Tesla vehicles apparently are equipped with the same 75 kWh battery, but software installed in less-expensive models limit capacity to 60 kWh.
Gridlock on Florida roads evidently convinced Tesla to unlock all the battery packs for those in the path of the storm so that there would be less likelihood of people running out of juice while stuck in traffic heading north, the Electrek website reported.
A Tesla Model S 60 owner in Florida reached out to us with almost 40 more miles than in his usual full charge and a new ’75’ badge in his car software. While he didn’t ask for it nor knew why it changed, Tesla had temporarily unlocked the remaining 15 kWh of the car’s software-limited battery pack option to facilitate the owner’s evacuation. We reached out to Tesla and a representative confirmed that the company has put in place the emergency measure to temporarily extend the range of the vehicles of Tesla owners in the path of Hurricane Irma. The company says that a Tesla owner in a mandatory evacuation zone required another ~30 more miles of range to optimize his evacuation route in the traffic and they reached out to Tesla who agreed to a temporary access to the full 75 kWh of energy in the battery pack…

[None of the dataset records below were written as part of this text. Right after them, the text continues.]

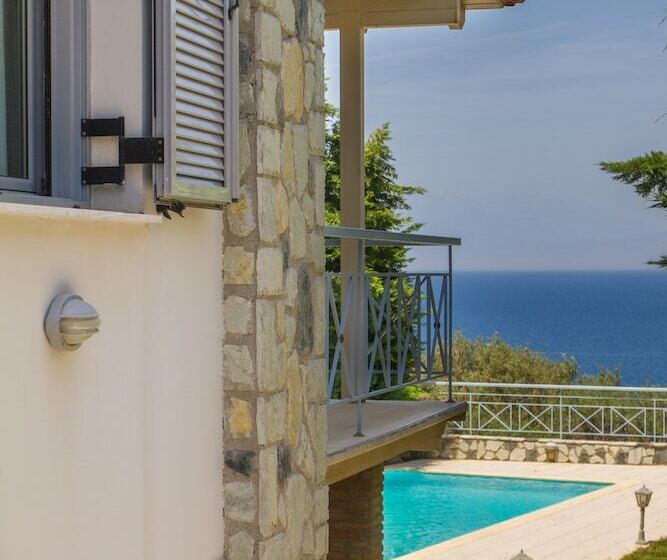 Corinthian Residence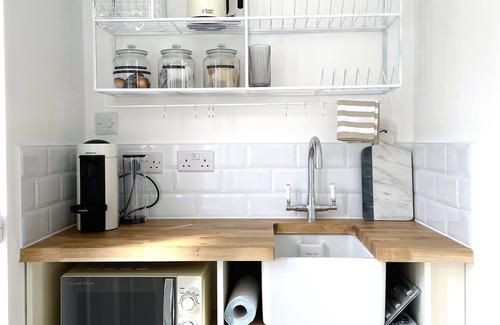 Plymouth Apartment | Cosy Studio w/hot tub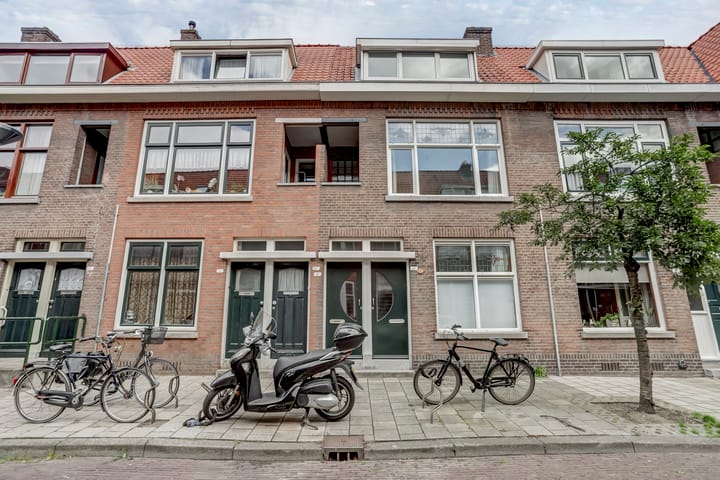 Photo 4 of Pieter de Hooghstraat 14-B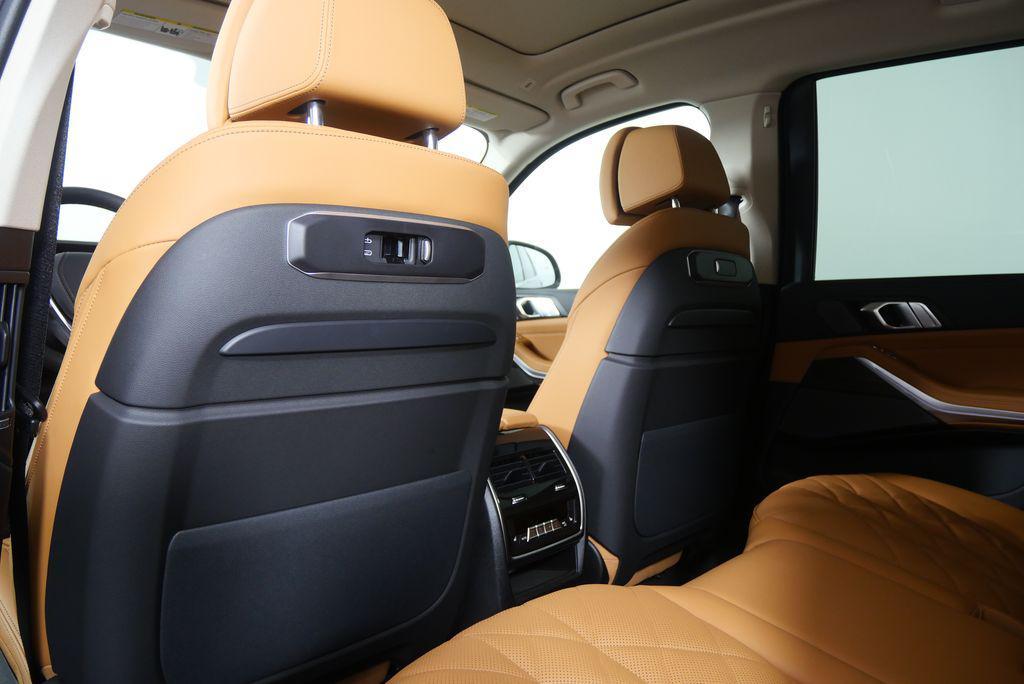 new 2026 BMW X7 car, priced at $94,475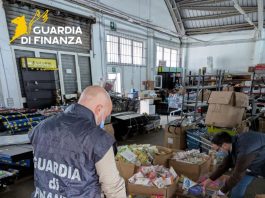 Sassari, sequestrati oltre 17mila prodotti contraffatti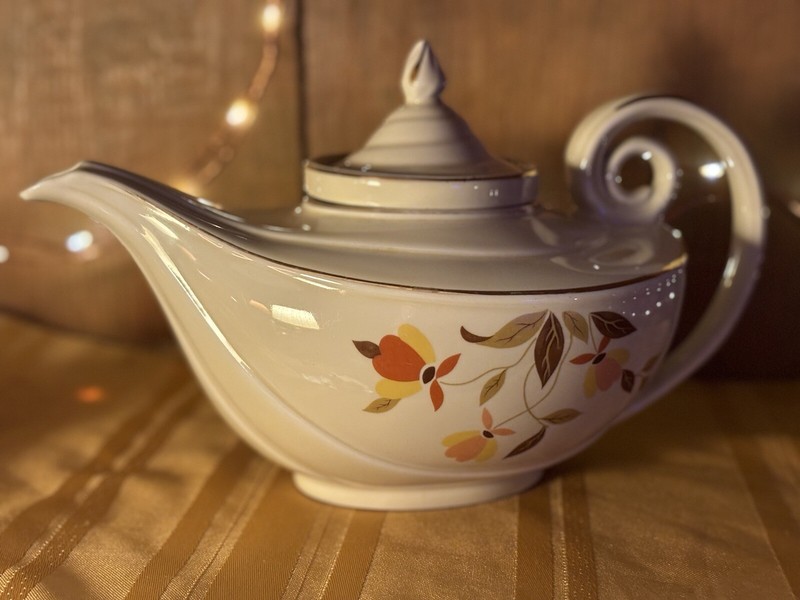 HALL CHINA VINTAGE JEWEL TEA MID-CENTURY AUTUMN LEAF ALADIN STYLE 6 1/2” TEA POT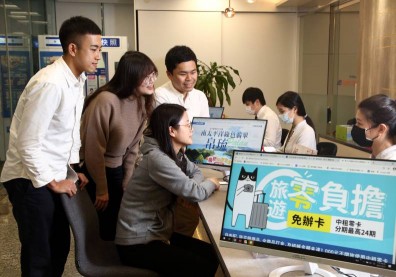 「金融小白」不當邊緣人，改當小金雞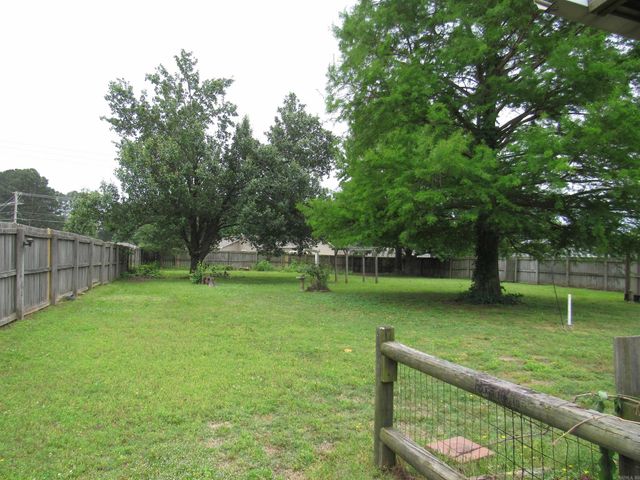 33 Reno Dr, Cabot, AR 72023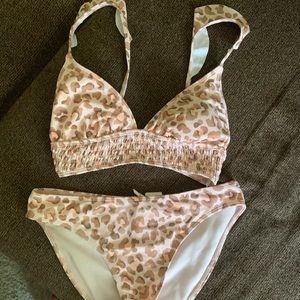 Never worn swimsuit. Bought last year and just never 100% loved it.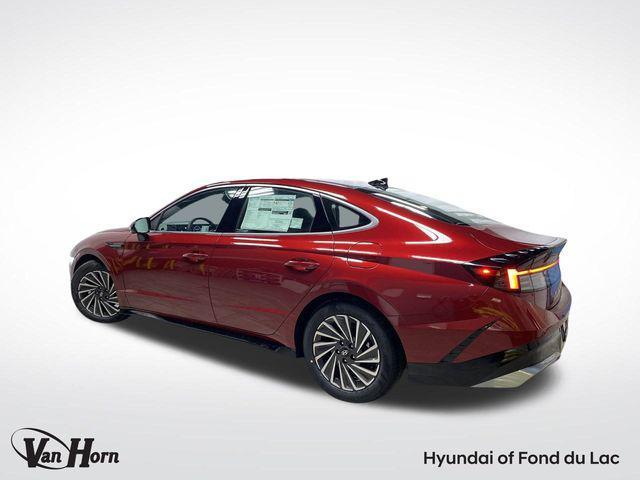 new 2025 Hyundai Sonata Hybrid car, priced at $38,202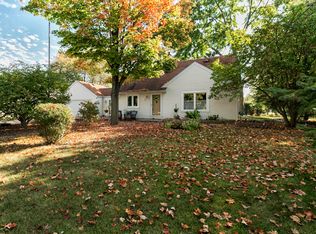 5304 S 51st St, Greenfield, WI 53220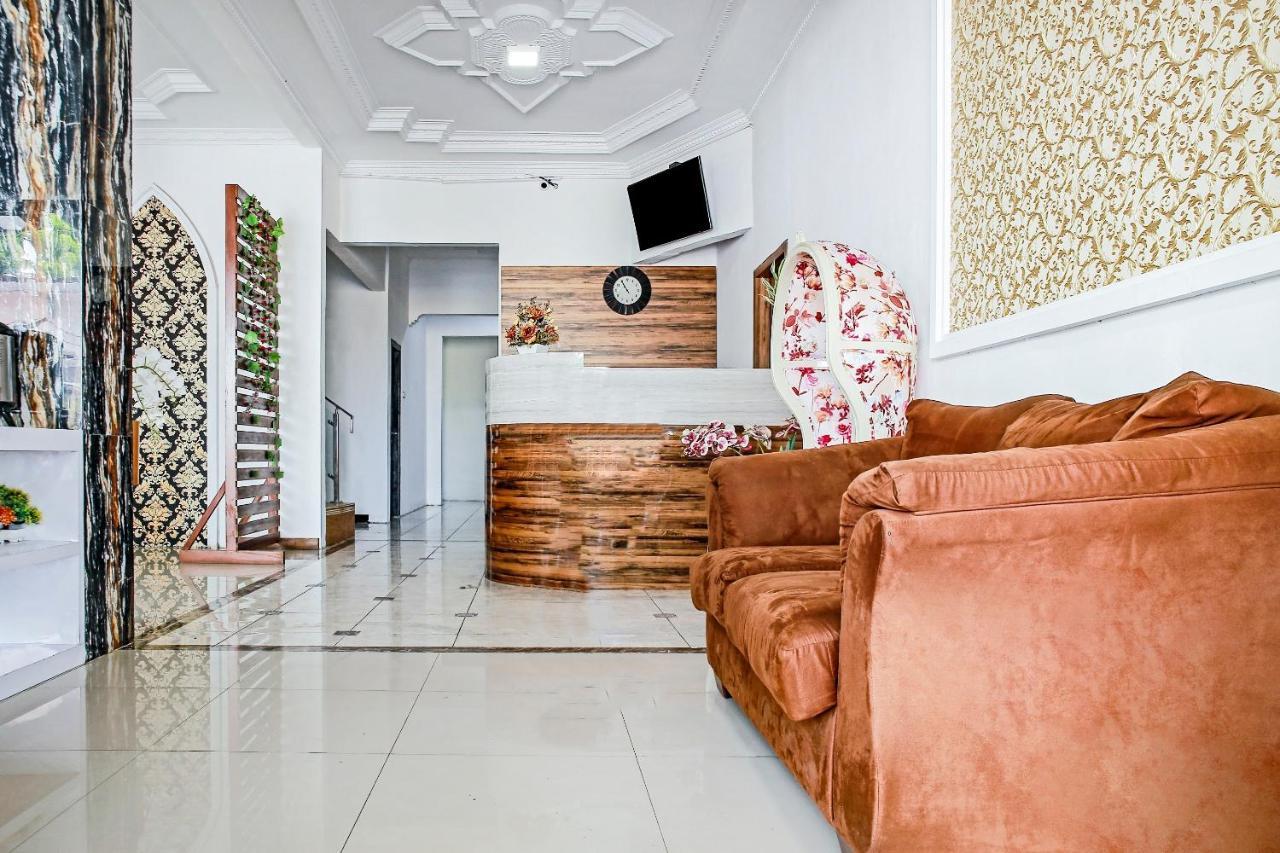 Oyo 90221 Makarim Guest House Syariah Pangkalanbuun Buitenkant foto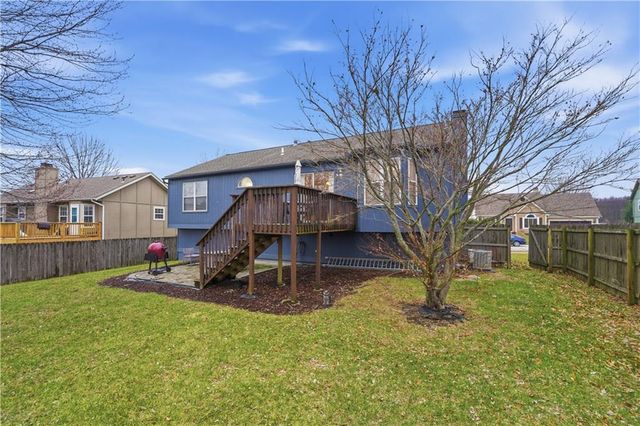 2616 SW Winchester Drive, Lee's Summit, MO 64063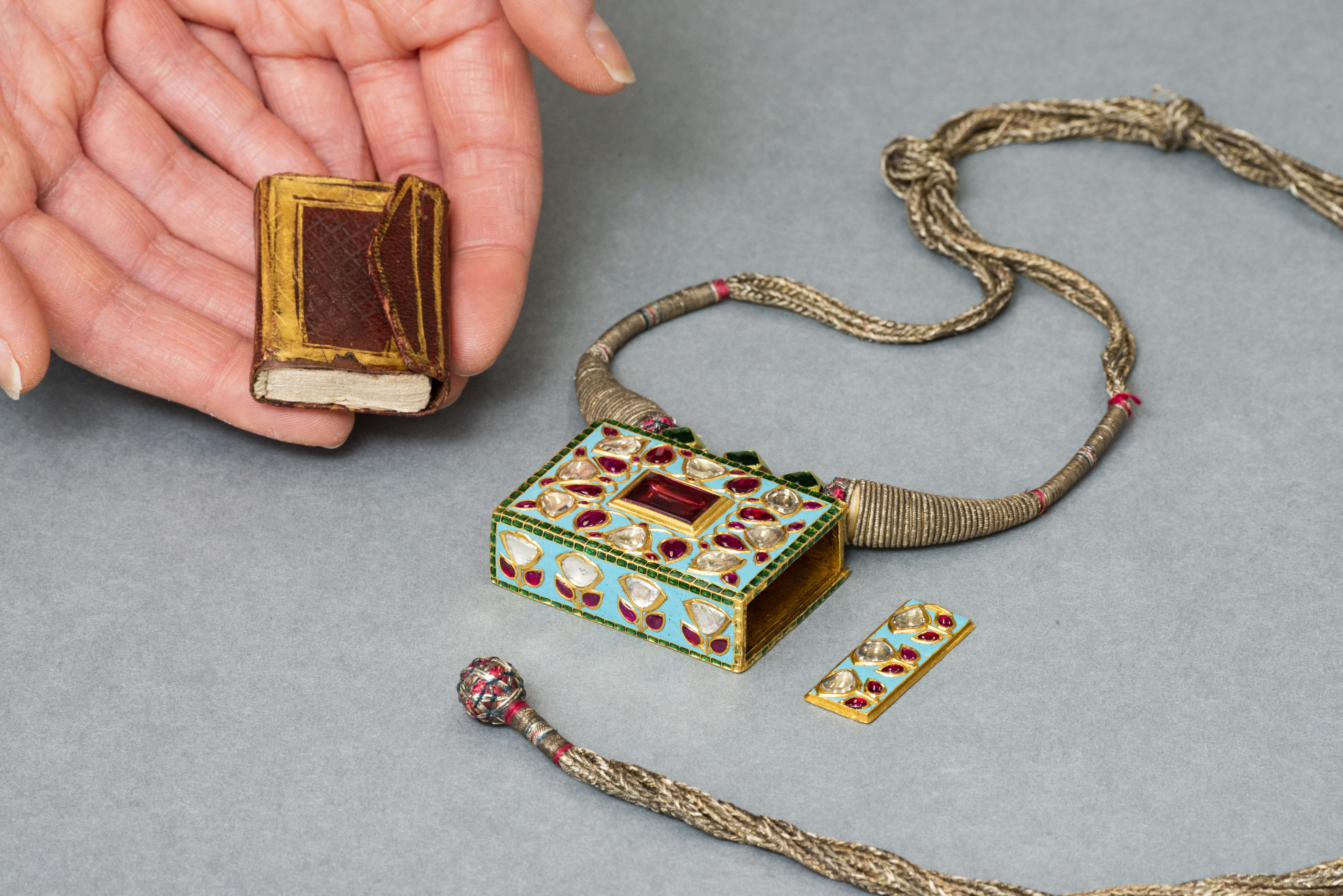 Jewelled necklace with amulet Quran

Tesla owners were conflicted over the stopgap upgrade scenario, the New York Times explained.
Many Tesla owners cheered the temporary enhancement ahead of Irma, which made landfall in Florida on [September 10]. Some, though, said the company was kneecapping vehicle range under normal circumstances in pursuit of profit. Others were concerned that the magnanimous move overshadowed the troubling extent to which Tesla can command customers’ cars.
Tesla ordinarily charges in the range of $4,500 to $9,000 for the permanent, wireless-implemented upgrade. Tesla evidently has ended its practice of selling software-limited batteries in newer models, however.
U.S. taxpayers subsidize Tesla to the tune of $7,500 per vehicle. Taxpayers in states like California and Colorado kick in even more. The company sold about 80,000 vehicles last year. Tesla boss Elon Musk has called for Congress to end the federal subsidies. (Read more about green initiatives at Environ.news.)
Separately, Natural News has previously outlined the inherent contradiction of environmentally friendly electric cars. These pricey, trendy vehicles mostly get their electric charge via coal-fired power plants. With that in mind, according to some studies, gasoline-powered cars supposedly produce less pollution than their “clean” electric counterparts.
“Getting the materials to make lithium ion batteries, for example, is an extremely dirty business, and the electricity to recharge the batteries most likely comes from power plant fueled by coal or some other fossil fuel,” Investors’ Business Daily noted.
If you are a Tesla owner, are you satisfied with the service and performance? If not, would you ever consider purchasing an electric car?